This unhappy European marriage is currently (at least partly) resolved by the interests of financial capital, which is the only truly unifying force behind European integration. One such example is embodied in the second edition of Art Encounters Biennale in Timisoara, to which I was invited as one of those “western spies”. And here begins my self-critique as a part of a group of journalists from various countries: be it from Germany, Great Britain, Netherlands or Austria, our purpose was to delve deep into the Biennale and bring back to our countries the joyful messages of tremendous treasures we have found in the east: this yet vastly undocumented territory hopefully full of surprises for the global stock market of artworks. Here on the western edge of Romania, capital interests and artworks merge in an alliance that attempts to present to the European gaze some ot those fruits from local gardens in hope that its financial evaluation will grow higher and higher together with development of the whole city on the way to its title as European Capital of Culture in 2021.

The head of the whole operation – well-known Ovidiu Șandor – was more visible to us than the curators themselves and in some sense rightly so. Or to be more concrete: ordinarily it is very rare to meet the real ‚person of profit‘ who stands behind the project, but Ovidiu acted not as a shadowy man; rather, he was the friendly landlord and we were his precious guests to be taken care of. I just can say to myself: “The local real estates businessman and art collector organizing biennale about Romanian art? I mean, what could go wrong?” He really didn’t try to hide, which makes my job a little bit easier, but what must be said is that in such a position one can only choose to be one of two types of idiots: useful idiot or social idiot.

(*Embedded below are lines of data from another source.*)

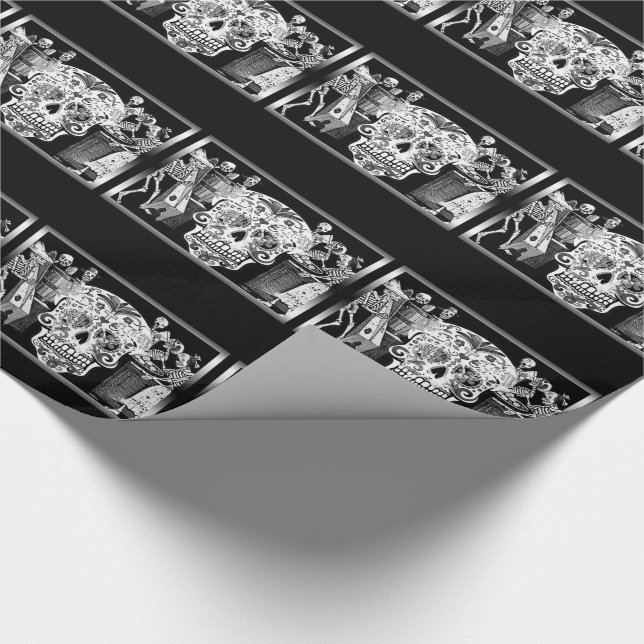 Día de Muertos/Day of the Dead Wrapping Paper (Corner)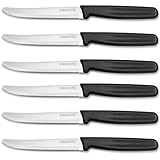 Double.S Steakmesser 6 Stück, Frühstücksmesser Edelstahl Swiss Classic Tomatenmesser...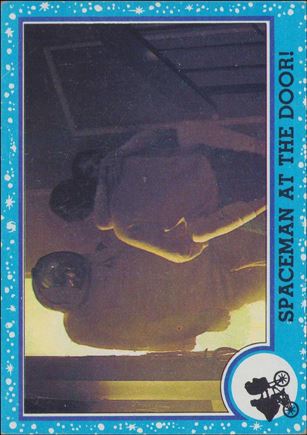E.T. The Extra-Terrestrial (Base Set) card 52 Spaceman at the Door!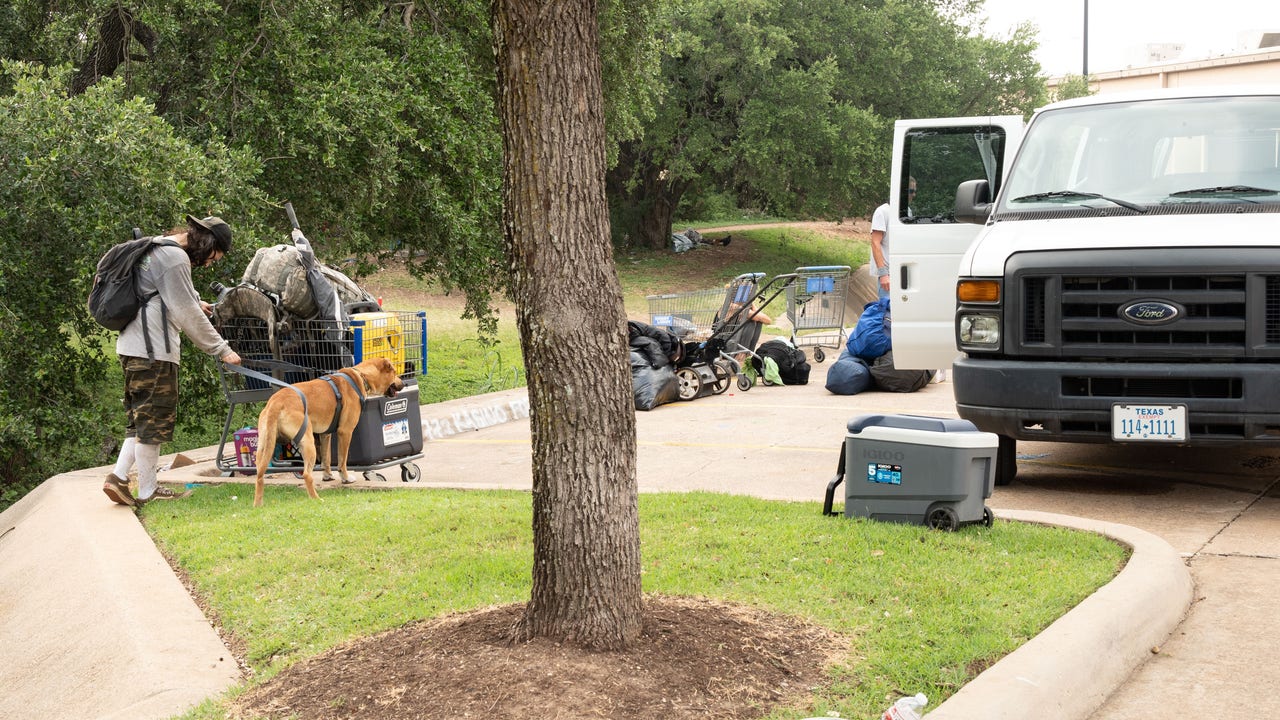 City of Austin addresses homeless encampment along Violet Crown Trail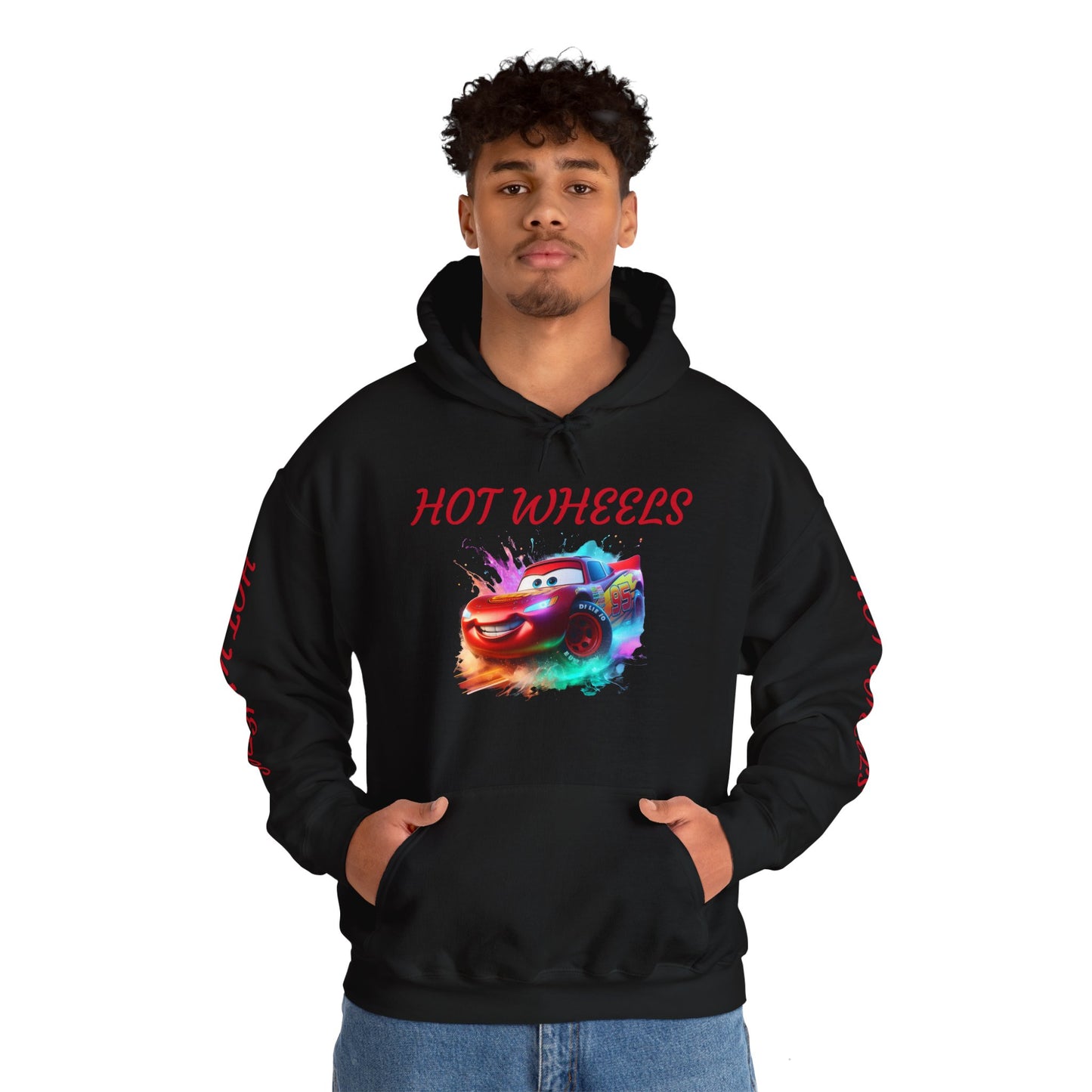Princess Grace Hot Wheels Unisex Heavy Blend Hooded Sweatshirt Fun and Colorful Racing Design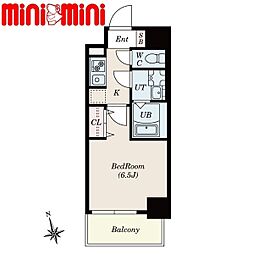 S-RESIDENCE今池arcana 8階1Kの間取り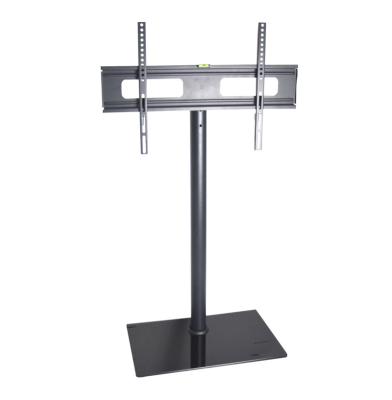 China TV stand with square glass base for screen size 23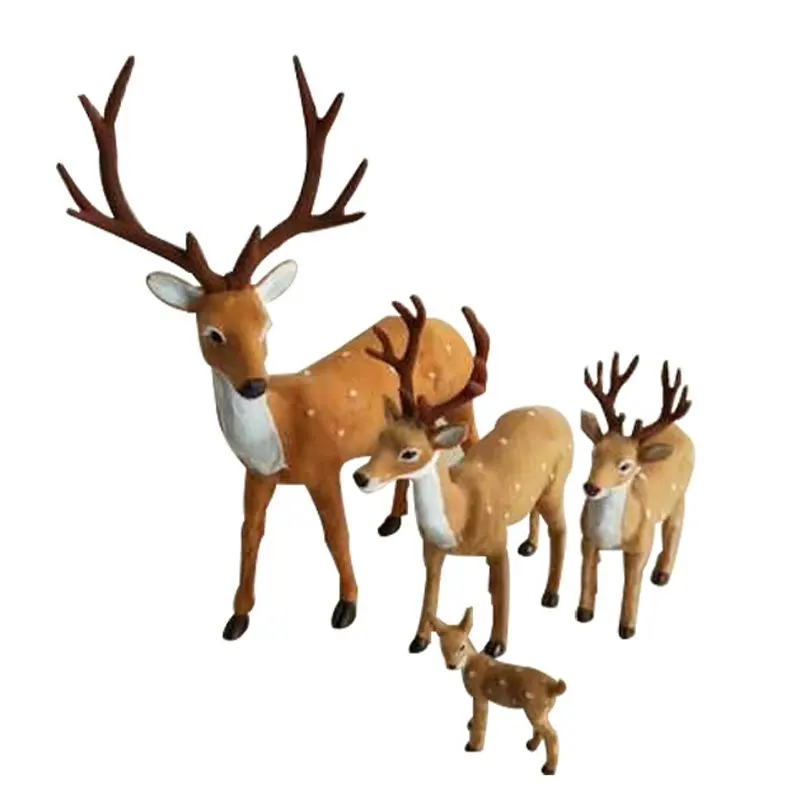 4 стиля игрушечный набор лося игровой домик игрушка World Park Коричневый Олень серый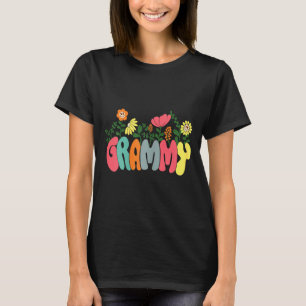 Camiseta Mulheres floral retro vintage grammy feliz dia das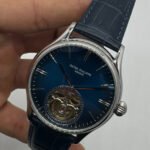 Patek Philippe Classic Turbilhão 40mm Aço, Pulseira Couro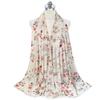 NEW Fashion Women Chiffon Flower Print Muslim Head Scarf Ladies High Quality Shawl and Wrap Female Headband Hijab Stoles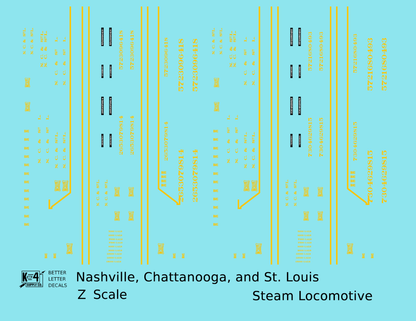 Nashville, Chattanooga and St Louis Steam Locomotive NC&StL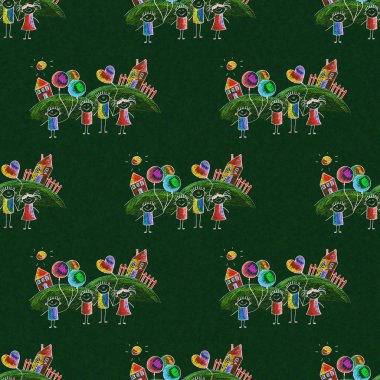 Öğretmen ile mutlu çocuklar.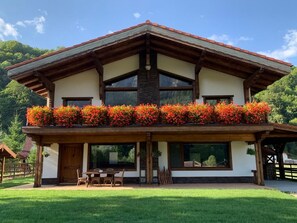 Façade de l’hébergement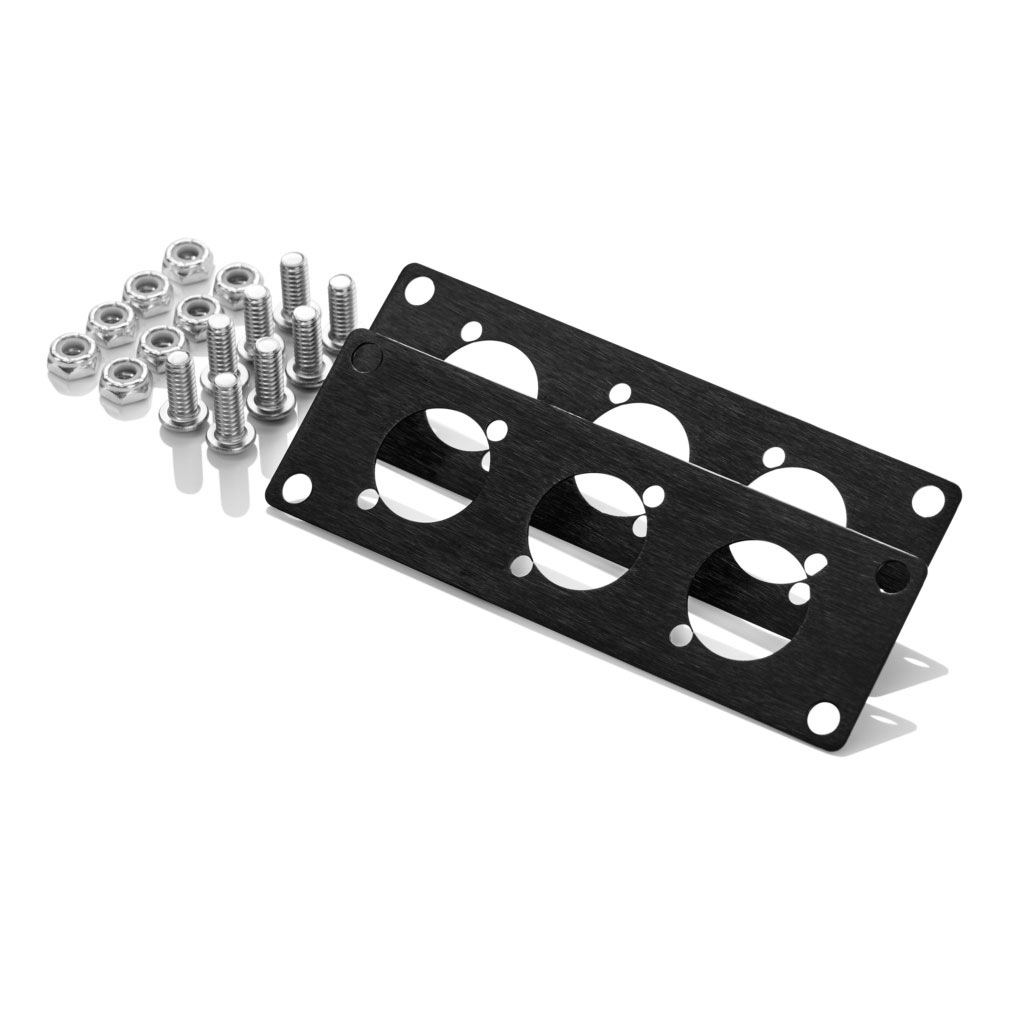 Neutrik Plate for the WorkSurface Pro ( 1 Neutrik Plate / 2 Neutrik Plates )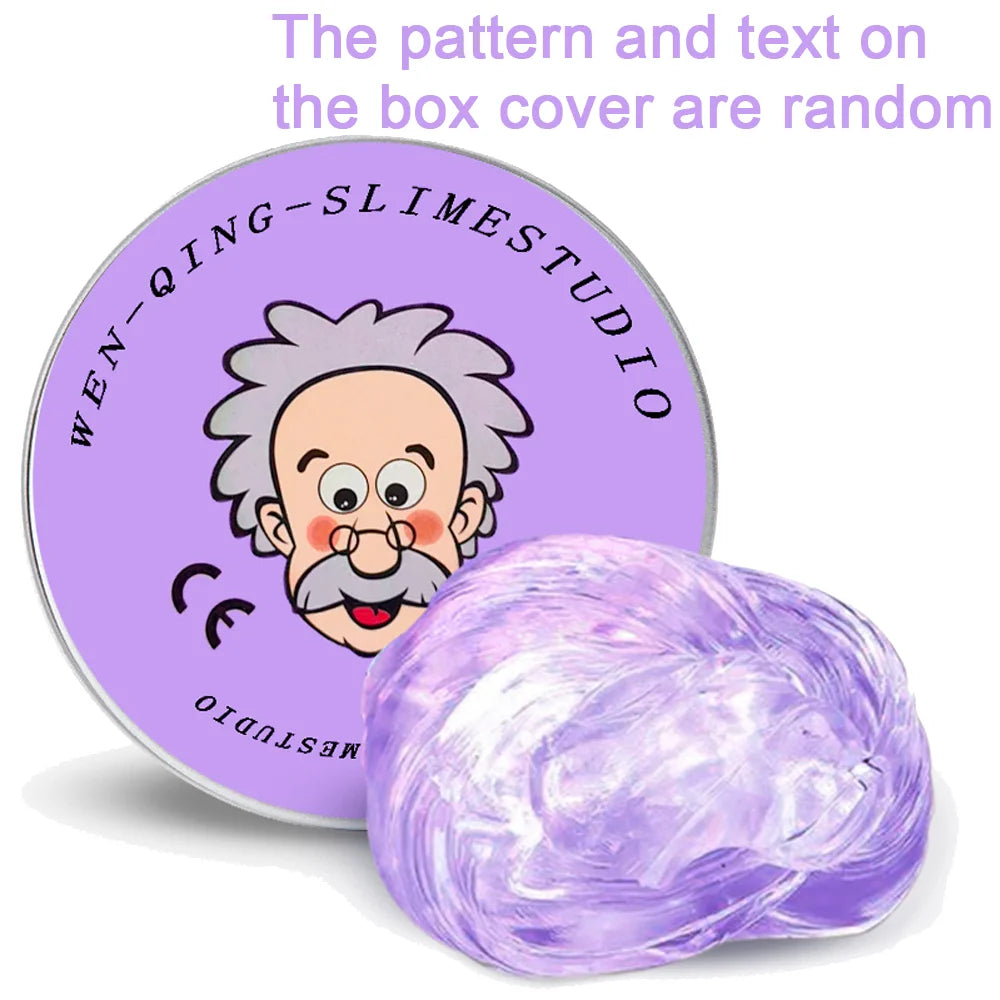 Transparent clear liquid Bouncing slime.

The useful one just fulfills his destiny and purpose without ever knowing anything about what happened to him. In such a case I could have written a long article praising the curatorial work and particular artists with their pieces, together with the mentioning of various honorable merits of the main organizer doing good for the local art scene. But I chose to be an social idiot – what does it mean? In the history of modern literature, there are at least two such characters: Prince Myshkin from Dostoevsky‘s novel The Idiot and Švejk, created by Czech writer Jaroslav Hašek. Both represent somehow stupidly innocent figures that allow us to see the world around them in a different light. To put it in simple worlds: we know that notorious saying, „You must be an idiot not to see that!“ But Švejk and Myshkin represent the directly opposite function of idiocy: „In order to see that, you need to be an idiot!“ Meaning that to penetrate the invisible and implicit rules of particular social relations, one must be an outsider without any understanding of those rules: neither on the conceptual, nor on the instinctual level.

So here starts the embarrassing part. The critic always represents the embarrassing moment, interrupting the well-orchestrated party, after which a strange silence appears from nowhere. It‘s an intervention right into the middle of the theatre play, pointing behind the masks and to the backstage, trying to find any sign of strings attached to the puppets on stage. Such “hermeneutics of suspicion” (to paraphrase Paul Ricoeur) presents a skeptical position through which we can disentangle ourselves from our immediate surroundings by posing a simple question: what if the phenomena around us are not what they appear to be? Or, to say the least: what if we need to dig deeper in order to understand them?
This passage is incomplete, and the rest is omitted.